Note   The ATM uplink interface module consists of one OC-12c or OC-3c port and one enhanced Gigabit Ethernet port. For instructions on configuring the enhanced Gigabit Ethernet interface, see the "About the Enhanced Gigabit Ethernet Interfaces (Catalyst 8540)" section.

Configuration Overview

The following steps provide an overview for configuring an ATM uplink from the switch router to the ATM network:

Step 1   Configure the ATM uplink interface:

a. Enable the ATM interface.

b. Customize the configuration by configuring PVCs and SVCs.

Note    You must configure at least one PVC or SVC. The VC options you configure must match in three places: on the switch router, on the ATM switch, and at the remote end of the PVC or SVC connection.

Step 2   Configure the ATM switch to which the ATM uplink connects.




Default Configuration

On power up, the ATM uplink interface is shut down. When you enter the no shutdown command, the interface is enabled with the default configuration values shown in Table 7-1.

Table 7-1   ATM Uplink Interface Default Configuration Values

Parameter Configuration Command Default Value

Maximum transmission unit (MTU)

[no] mtu bytes

4470 bytes

Loopback

[no] loopback

No loopback

SONET framing

[no] atm sonet stm-1 for OC-3
[no] atm sonet stm-4 for OC-12

no stm-1
no stm-4

Transmit clock source

[no] atm clock internal

no internal (line)

Cisco Discovery Protocol (CDP)

[no] cdp enable

CDP enabled

ATM VCs per VP

atm vc-per-vp

1024

In addition, the ATM uplink interface uses the non-configurable values shown in Table 7-2.

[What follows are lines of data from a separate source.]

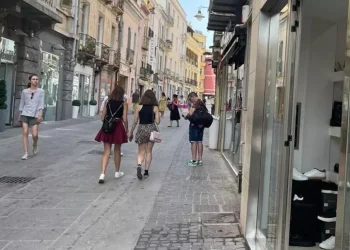 Report Cna, Pil sardo in leggera crescita ma famiglie arrancano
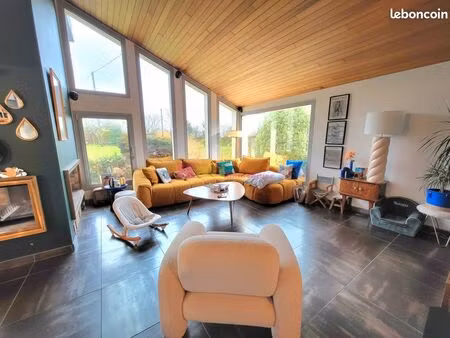 propriété 7 pièces 188 m²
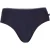 Farah Classic – Comfortabele Heren Sleutelgat Boxers – Marineblauw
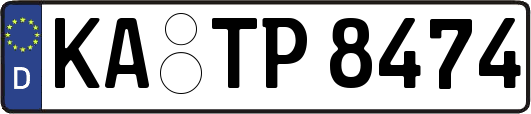 KA-TP8474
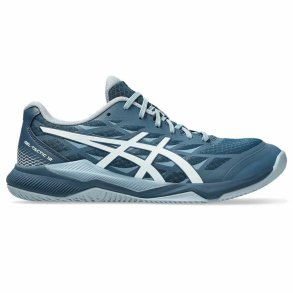 Tr�ningssko Asics Gel-Tactic 12 Bl� M�nd H�ndbold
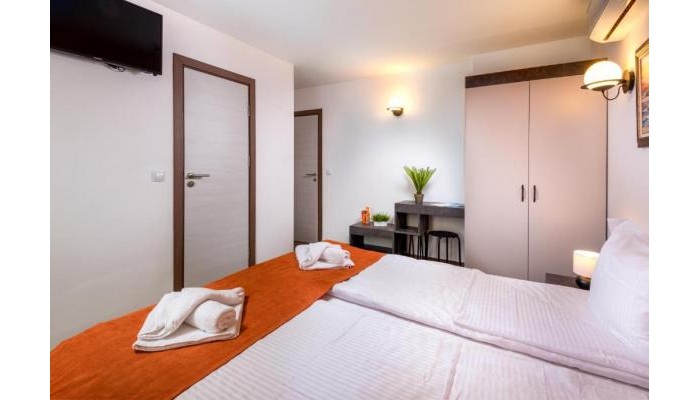 Hotel Panorama Blue poza 10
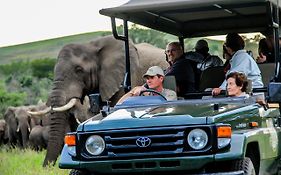 Thula Thula Exclusive Private Game Reserve &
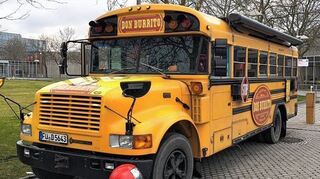 <p>Das erste Food-Truck-Festival im Kreis mit kulinarischen Spezialitäten rund um den Globus bietet der Verein "Hüttle 99" am 12. Juni in Gerchsheim.</p>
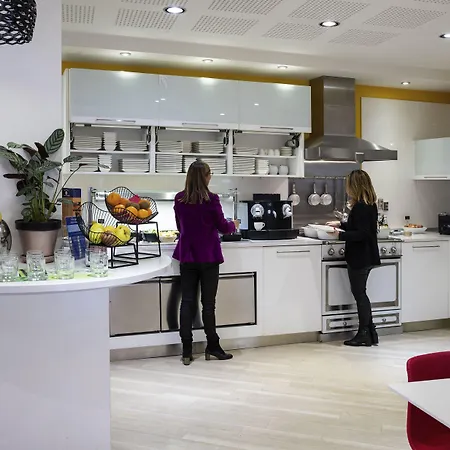 Mercure Centre Grimaldi Nice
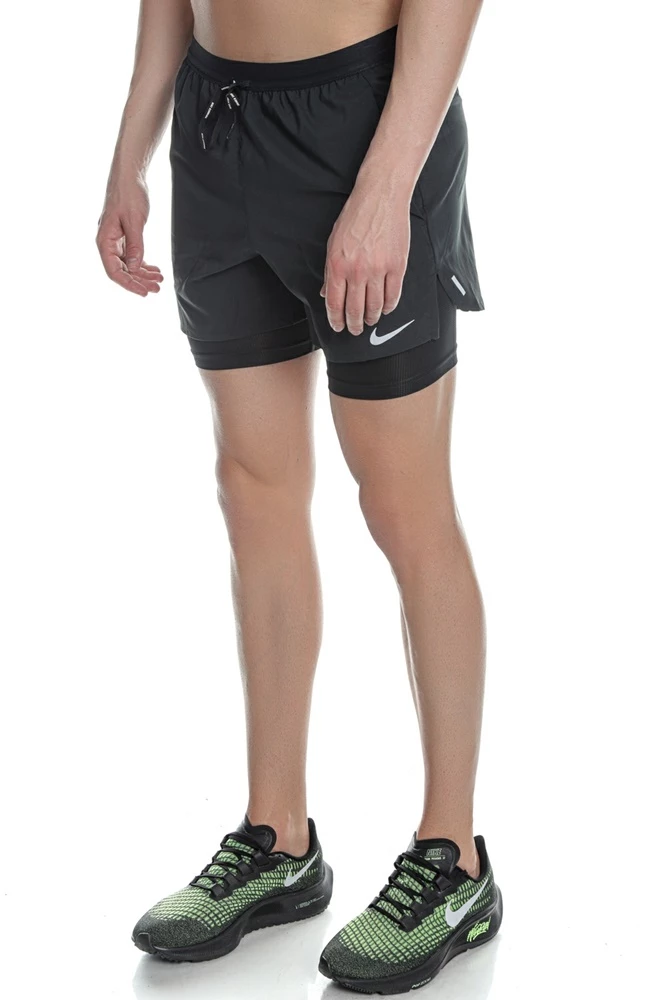 Κουπόνι ✨ Ανδρικό σορτς NIKE DF FLX STRD 2IN1 SHRT 5IN μαύρο ✨ 5 Κουπόνι ✨ Ανδρικό σορτς NIKE DF FLX STRD 2IN1 SHRT 5IN μαύρο ✨ - Image 3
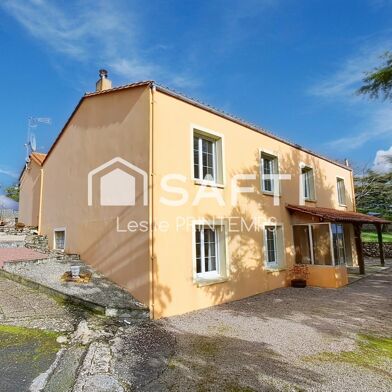 Maison 11 pièces 352000 €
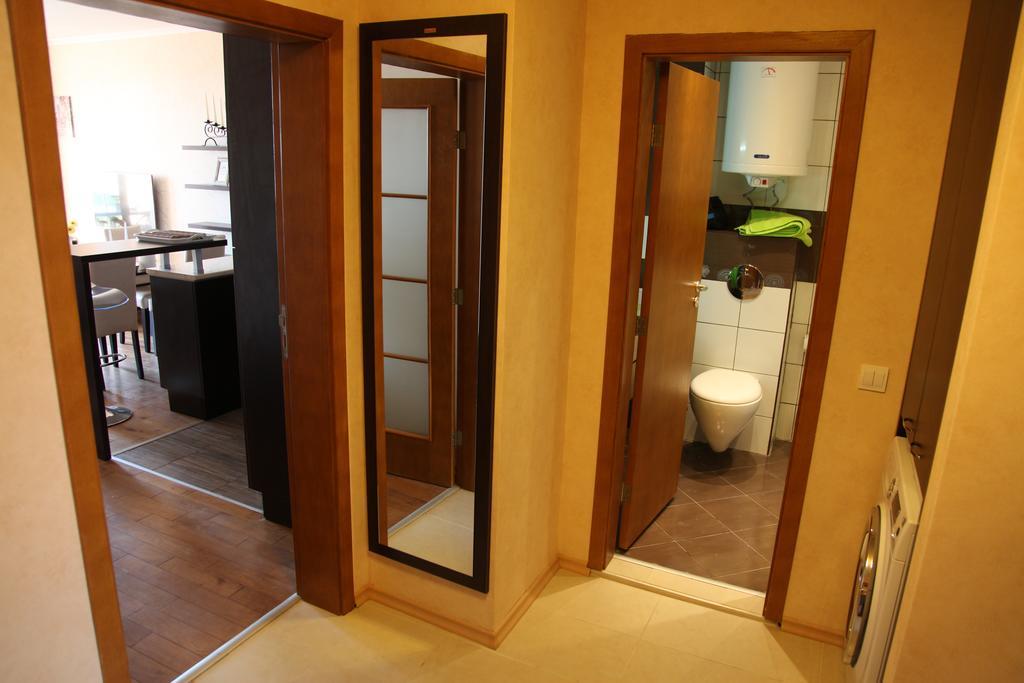 Apartment In St. Constantine And Helena St Constantin et Helena Extérieur photo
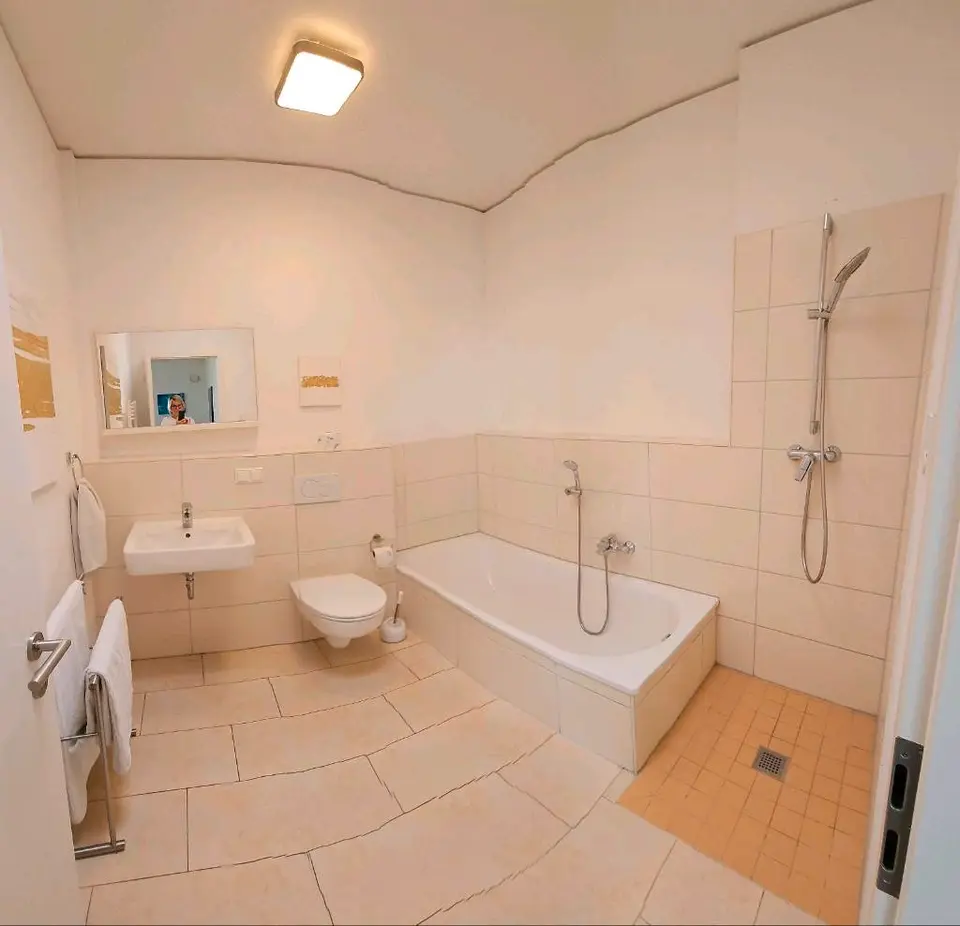 3 room apartment with 72 m² in Hanau – Photo 7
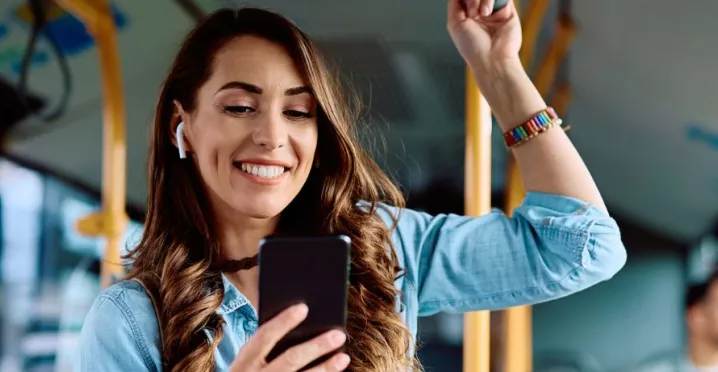 A mobilidade no trabalho vai muito além do vale-transporte: entenda como promovê-la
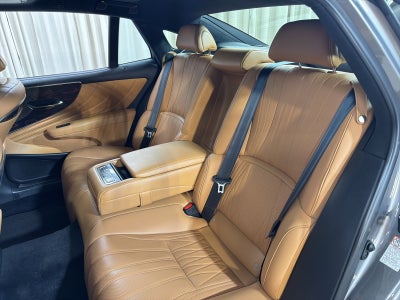 2023 Lexus LS 500 Base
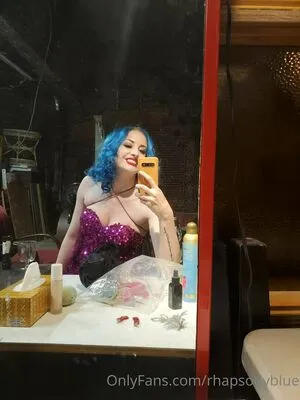 Rhapsodyblue OnlyFans Leaked Free Thumbnail Picture - #UImaWfpDv4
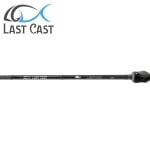 Last Cast Light Cast Spinning rod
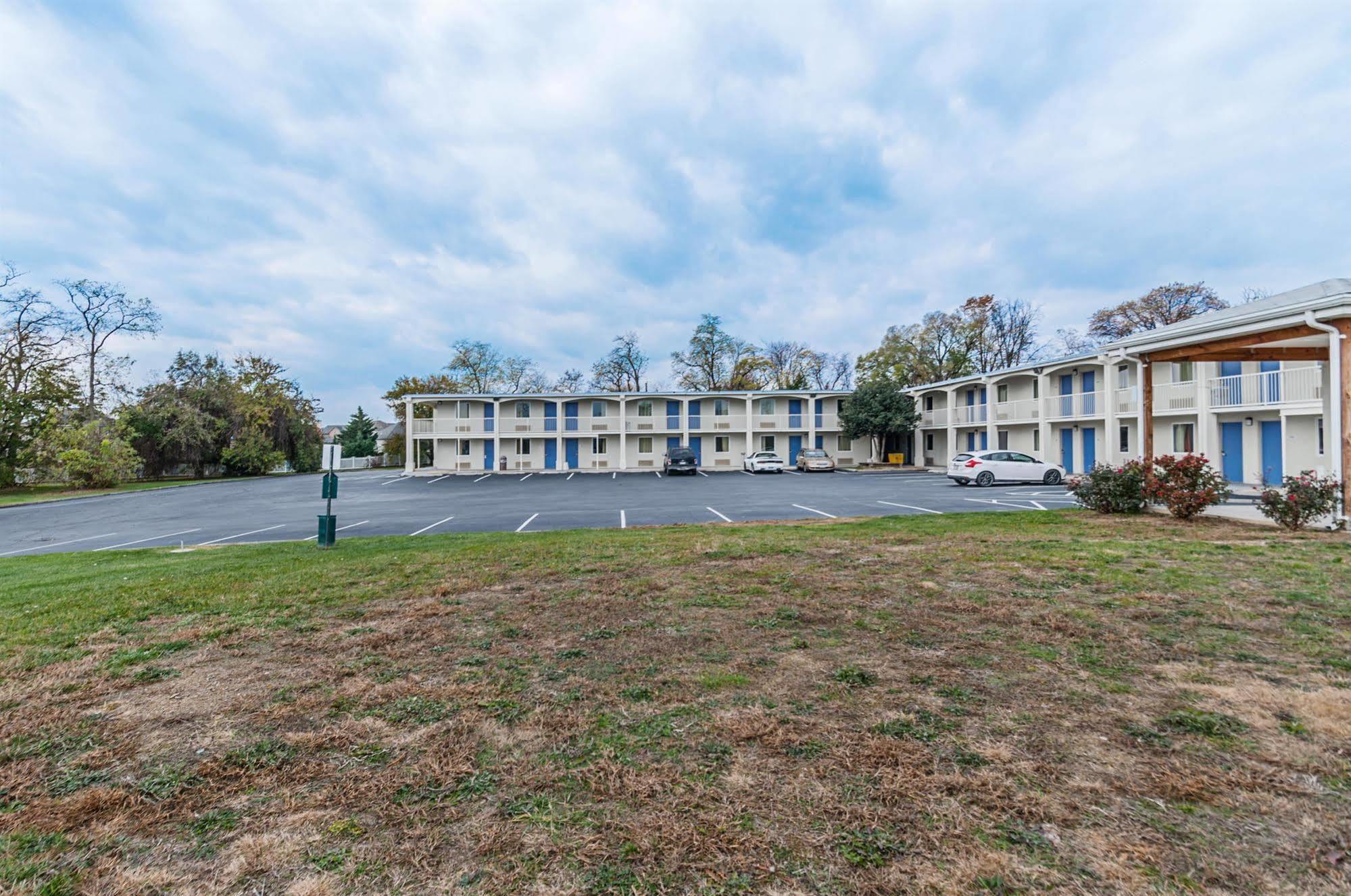 Motel6 Winchester, Va Luaran gambar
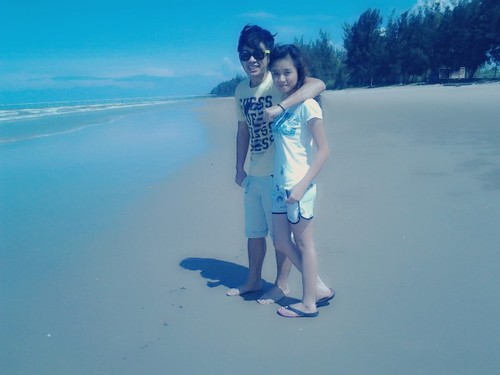 AmalinaRoziman's profile picture. wira firdaus bin sabli. iloveyou. 29.9.2008. 3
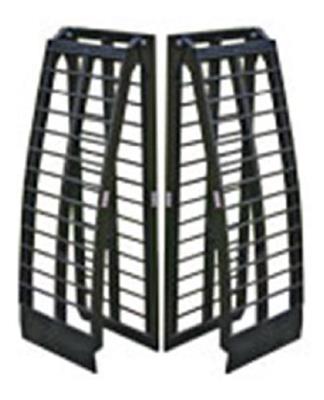 BLACK WIDOW RAMP
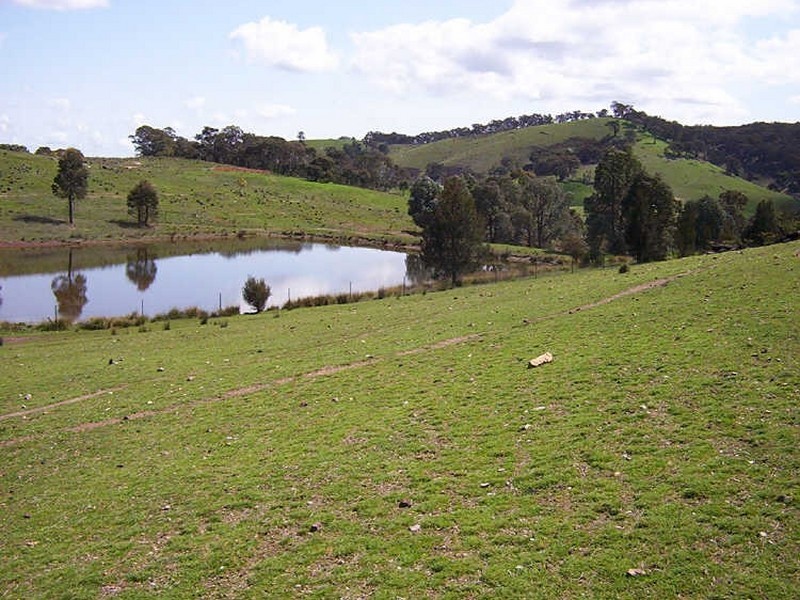 Lot 8 Corregans Lane, Yass NSW 2582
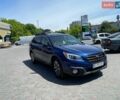 Синій Субару Аутбек, об'ємом двигуна 2.46 л та пробігом 185 тис. км за 13495 $, фото 2 на Automoto.ua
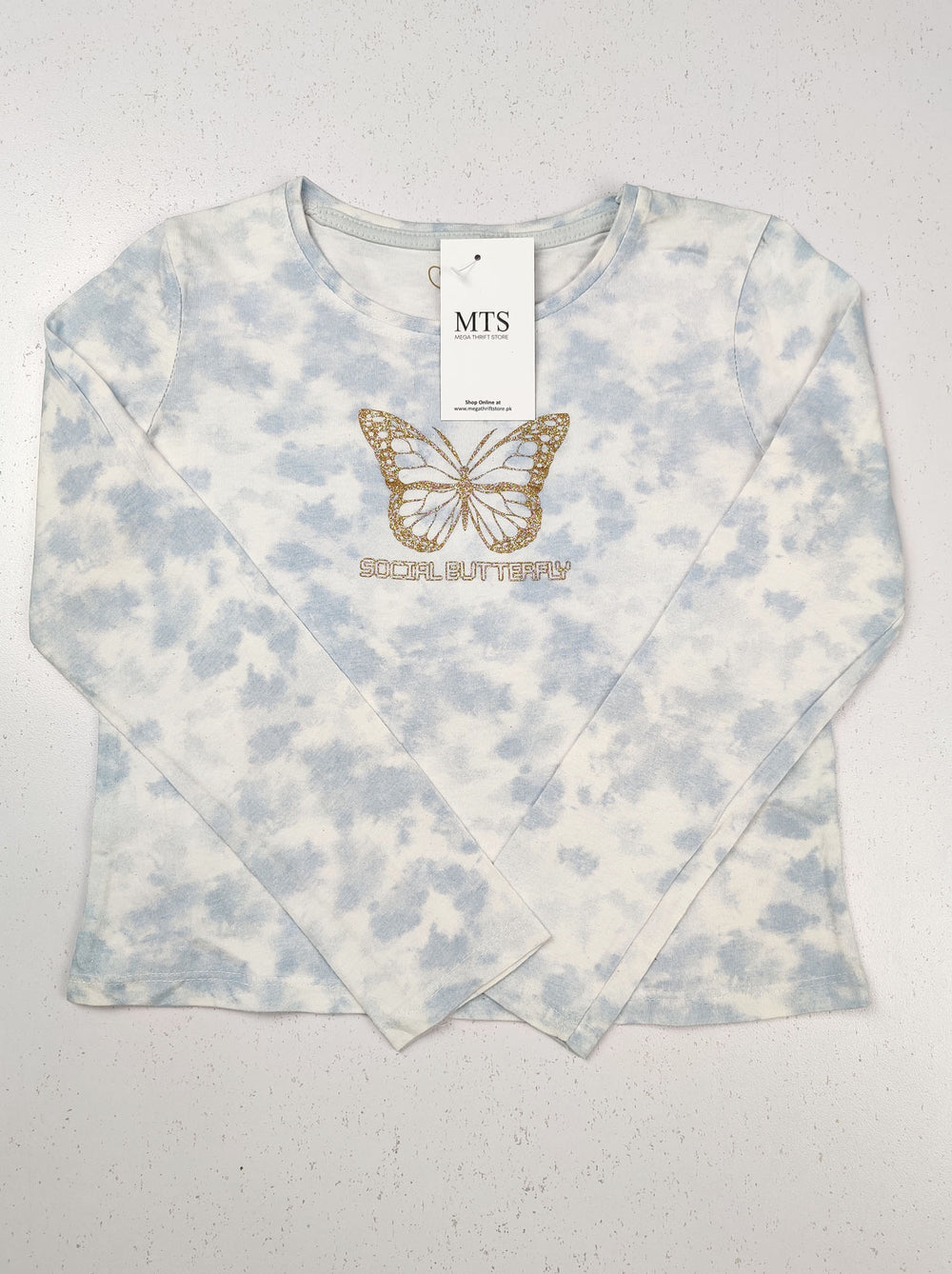 Buy online pre-used pre-loved 100% authentic & Original branded Primark (GST-510) available in Pakistan. Top international brands avilable.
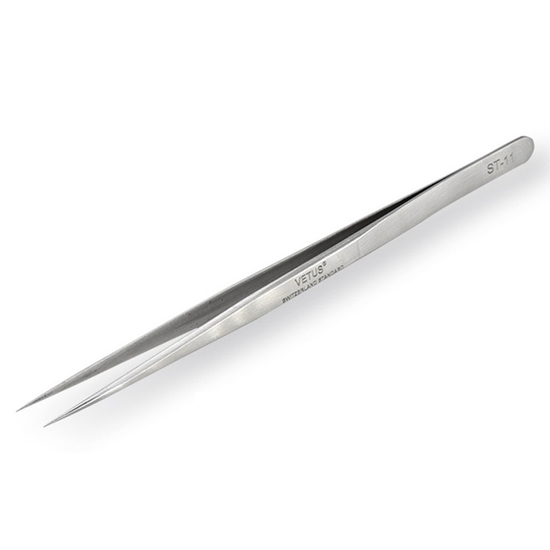 유광 핀셋 ST-11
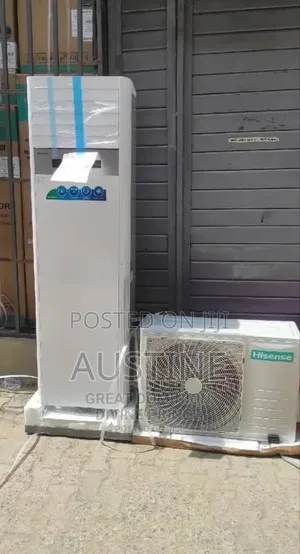 Brand New Hisense 2hp Floor Standing Air Conditioner>Copper>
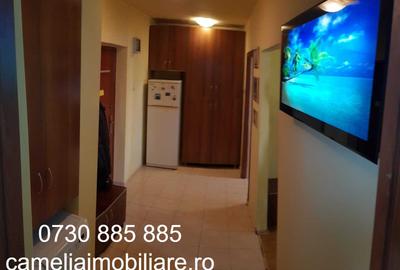 Garsoniera, pet friendly, S 43mp, 5oo metri metrou Pacii, Bd.  Iuliu Maniu, - 6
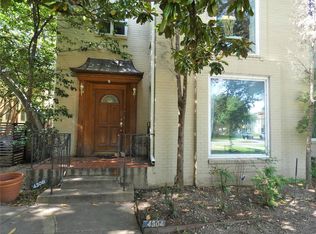 4304 University Blvd, University Park, TX 75205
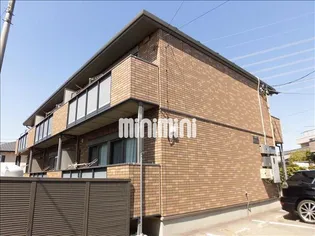 プランドール三好ヶ丘の画像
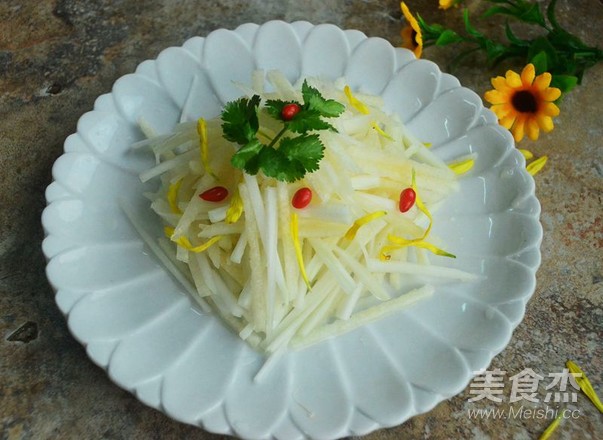 Sydney Cabbage recipe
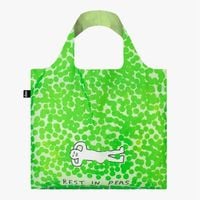 Produktbild: CONSTANT BAGEL THERAPY Ruhe in Erbsen Recycelte Tasche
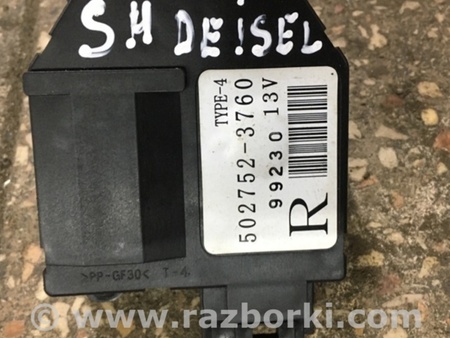 ФОТО Мотор печки для Subaru Forester SH S12 (08-12) Київ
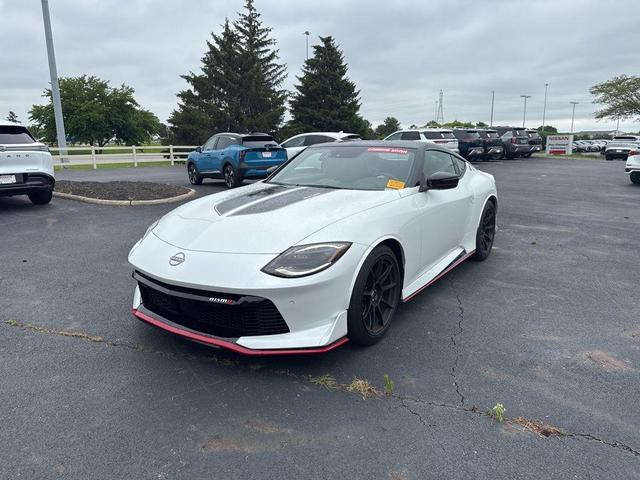2024 Nissan Z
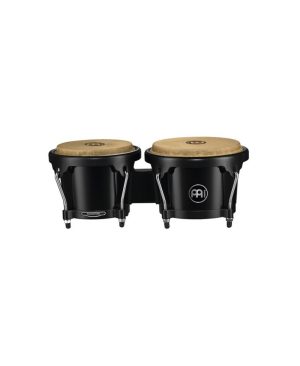 Bongos Meinl Headliner ABS Black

Table 7-2   ATM Uplink Interface Nonconfigurable Values

Parameter Value

Transmit buffers for segmentation and reassembly (SAR)

8192

Receive buffers for SAR

8192

Maximum VCs

8192

ATM AAL

AAL5

ILMI keepalives

Not supported

Initially Configuring the Layer 3 Enabled ATM Uplink Interface

Configure the following properties for a newly installed ATM uplink interface:

  • IP routing
  • IP address

To initially configure the ATM uplink interface, perform the following steps, beginning in global configuration mode:

Command Purpose
Step 1 

Router(config)# ip routing

Enables IP routing.
Step 2 

Router(config)# interface atm slot/subslot/interface

Router(config-if)#

Enters interface configuration mode and specifies the ATM interface to configure.
Step 3 

Router(config-if)# ip address ip-address subnet-mask

Assigns an IP address and subnet mask to the interface.
Step 4 

Router(config-if)# atm clock internal

Specifies the internal clock for the interface. The default mode for the clock is no internal, which is the same as the line clock.
Step 5 

Router(config-if)# no shutdown

Enables the interface with the most recent configurations.

Example

The following example shows how to initially configure the ATM uplink interface:

Router(config)# interface atm 2/0/0
Router(config-if)# ip address 10.1.2.4 255.0.0.0
Router(config-if)# atm clock internal
Router(config-if)# no shutdown

Configuring the Clock Source

The ATM uplink interfaces support internal and line clock sources. The default mode for the clock is no internal, which is the same as the line clock. If your system clock source is set to the line clock, it uses the recovered received clock to transmit.

When two ATM uplink interfaces are connected and set to line clock, the interfaces at each end of the link cannot both accurately synchronize the clock. This configuration causes corruption of the data being transferred, which might cause the line protocol on both interfaces to go down. To prevent this, make sure you configure one end of the connection with internal clock and the other end with no internal clock.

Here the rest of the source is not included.